- AIM OF THE EXERCISE -
Nothing but the lines from the one that contains "Záhradný domček so psíkom na záhrade" through the end of the data should be reproduced, and each must match exactly.
=====
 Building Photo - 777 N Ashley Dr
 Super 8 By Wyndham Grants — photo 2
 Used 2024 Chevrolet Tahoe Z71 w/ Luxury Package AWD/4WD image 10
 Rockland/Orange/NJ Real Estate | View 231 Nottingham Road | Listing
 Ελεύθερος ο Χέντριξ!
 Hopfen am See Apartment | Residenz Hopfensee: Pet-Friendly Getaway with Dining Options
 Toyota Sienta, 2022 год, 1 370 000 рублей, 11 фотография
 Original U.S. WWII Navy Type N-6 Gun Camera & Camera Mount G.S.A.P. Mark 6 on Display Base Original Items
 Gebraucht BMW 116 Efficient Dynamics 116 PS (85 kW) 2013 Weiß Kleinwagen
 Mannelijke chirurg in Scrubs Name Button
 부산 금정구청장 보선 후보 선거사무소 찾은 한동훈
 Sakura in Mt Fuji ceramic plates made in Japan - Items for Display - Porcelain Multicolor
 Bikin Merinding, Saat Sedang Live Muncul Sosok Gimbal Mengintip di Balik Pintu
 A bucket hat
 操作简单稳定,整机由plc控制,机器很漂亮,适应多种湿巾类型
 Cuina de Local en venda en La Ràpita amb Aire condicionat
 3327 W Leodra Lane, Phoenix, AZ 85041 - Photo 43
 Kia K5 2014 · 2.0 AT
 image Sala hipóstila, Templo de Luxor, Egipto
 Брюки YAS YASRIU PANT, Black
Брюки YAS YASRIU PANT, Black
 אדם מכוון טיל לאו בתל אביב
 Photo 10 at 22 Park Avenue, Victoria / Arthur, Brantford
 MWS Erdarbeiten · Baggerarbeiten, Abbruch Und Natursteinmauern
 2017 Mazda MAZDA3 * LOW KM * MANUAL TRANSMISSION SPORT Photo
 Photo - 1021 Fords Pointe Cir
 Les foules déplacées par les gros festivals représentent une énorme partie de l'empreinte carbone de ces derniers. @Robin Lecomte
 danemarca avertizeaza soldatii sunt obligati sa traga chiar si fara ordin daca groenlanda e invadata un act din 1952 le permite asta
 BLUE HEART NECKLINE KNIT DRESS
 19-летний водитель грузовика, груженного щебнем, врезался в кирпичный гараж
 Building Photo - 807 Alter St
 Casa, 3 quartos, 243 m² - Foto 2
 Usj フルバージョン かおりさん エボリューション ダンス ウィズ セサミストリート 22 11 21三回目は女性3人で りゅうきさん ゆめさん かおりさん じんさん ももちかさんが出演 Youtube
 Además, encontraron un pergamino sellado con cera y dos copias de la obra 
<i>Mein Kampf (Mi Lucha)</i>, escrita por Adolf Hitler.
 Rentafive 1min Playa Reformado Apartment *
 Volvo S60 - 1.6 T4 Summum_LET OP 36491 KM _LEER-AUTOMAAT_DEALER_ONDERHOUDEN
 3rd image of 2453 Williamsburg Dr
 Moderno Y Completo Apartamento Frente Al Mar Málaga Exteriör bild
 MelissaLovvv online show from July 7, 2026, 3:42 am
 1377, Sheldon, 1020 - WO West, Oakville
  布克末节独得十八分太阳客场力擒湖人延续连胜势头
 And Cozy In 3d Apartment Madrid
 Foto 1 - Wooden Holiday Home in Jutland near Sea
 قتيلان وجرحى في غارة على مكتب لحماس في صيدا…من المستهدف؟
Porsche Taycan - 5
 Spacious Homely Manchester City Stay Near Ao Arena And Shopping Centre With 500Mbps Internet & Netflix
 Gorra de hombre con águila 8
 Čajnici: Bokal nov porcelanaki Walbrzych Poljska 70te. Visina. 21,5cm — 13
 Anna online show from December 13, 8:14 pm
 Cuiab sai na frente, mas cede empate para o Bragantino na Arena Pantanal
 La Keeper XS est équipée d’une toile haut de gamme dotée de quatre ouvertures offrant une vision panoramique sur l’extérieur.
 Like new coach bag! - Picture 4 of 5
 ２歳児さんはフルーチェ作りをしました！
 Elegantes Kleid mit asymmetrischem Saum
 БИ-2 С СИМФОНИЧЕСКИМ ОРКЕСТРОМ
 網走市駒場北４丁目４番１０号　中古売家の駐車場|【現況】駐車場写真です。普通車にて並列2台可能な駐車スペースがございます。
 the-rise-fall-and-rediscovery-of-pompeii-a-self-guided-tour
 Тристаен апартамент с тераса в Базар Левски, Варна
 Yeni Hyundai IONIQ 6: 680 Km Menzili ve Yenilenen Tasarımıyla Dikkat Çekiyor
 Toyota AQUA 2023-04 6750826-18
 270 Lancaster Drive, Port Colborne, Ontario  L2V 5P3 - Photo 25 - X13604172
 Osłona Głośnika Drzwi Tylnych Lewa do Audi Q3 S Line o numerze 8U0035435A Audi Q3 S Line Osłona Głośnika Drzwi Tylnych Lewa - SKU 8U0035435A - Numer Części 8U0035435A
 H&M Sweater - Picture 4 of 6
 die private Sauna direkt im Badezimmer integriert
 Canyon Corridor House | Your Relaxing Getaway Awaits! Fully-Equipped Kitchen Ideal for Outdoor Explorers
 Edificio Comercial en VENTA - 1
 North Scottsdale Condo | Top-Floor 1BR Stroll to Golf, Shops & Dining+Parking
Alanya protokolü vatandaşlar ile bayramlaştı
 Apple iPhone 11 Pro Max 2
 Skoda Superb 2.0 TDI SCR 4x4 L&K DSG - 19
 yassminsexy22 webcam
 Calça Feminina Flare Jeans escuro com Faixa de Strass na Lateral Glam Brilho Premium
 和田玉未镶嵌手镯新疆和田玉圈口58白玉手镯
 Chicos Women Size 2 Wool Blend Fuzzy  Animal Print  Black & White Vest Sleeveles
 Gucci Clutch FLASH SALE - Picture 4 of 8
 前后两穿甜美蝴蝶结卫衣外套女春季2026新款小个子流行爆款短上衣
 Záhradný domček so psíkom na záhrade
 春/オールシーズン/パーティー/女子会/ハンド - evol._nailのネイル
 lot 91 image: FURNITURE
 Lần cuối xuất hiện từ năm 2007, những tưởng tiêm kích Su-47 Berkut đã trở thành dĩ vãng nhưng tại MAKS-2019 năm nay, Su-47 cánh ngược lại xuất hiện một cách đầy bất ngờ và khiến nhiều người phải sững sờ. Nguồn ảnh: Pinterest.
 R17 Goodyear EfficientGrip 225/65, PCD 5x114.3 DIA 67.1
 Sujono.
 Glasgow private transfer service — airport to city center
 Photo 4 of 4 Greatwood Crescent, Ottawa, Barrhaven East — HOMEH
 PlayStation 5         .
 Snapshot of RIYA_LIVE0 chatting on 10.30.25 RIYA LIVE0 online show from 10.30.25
=====
- SOLVED PROBLEM -
 Záhradný domček so psíkom na záhrade
 春/オールシーズン/パーティー/女子会/ハンド - evol._nailのネイル
 lot 91 image: FURNITURE
 Lần cuối xuất hiện từ năm 2007, những tưởng tiêm kích Su-47 Berkut đã trở thành dĩ vãng nhưng tại MAKS-2019 năm nay, Su-47 cánh ngược lại xuất hiện một cách đầy bất ngờ và khiến nhiều người phải sững sờ. Nguồn ảnh: Pinterest.
 R17 Goodyear EfficientGrip 225/65, PCD 5x114.3 DIA 67.1
 Sujono.
 Glasgow private transfer service — airport to city center
 Photo 4 of 4 Greatwood Crescent, Ottawa, Barrhaven East — HOMEH
 PlayStation 5         .
 Snapshot of RIYA_LIVE0 chatting on 10.30.25 RIYA LIVE0 online show from 10.30.25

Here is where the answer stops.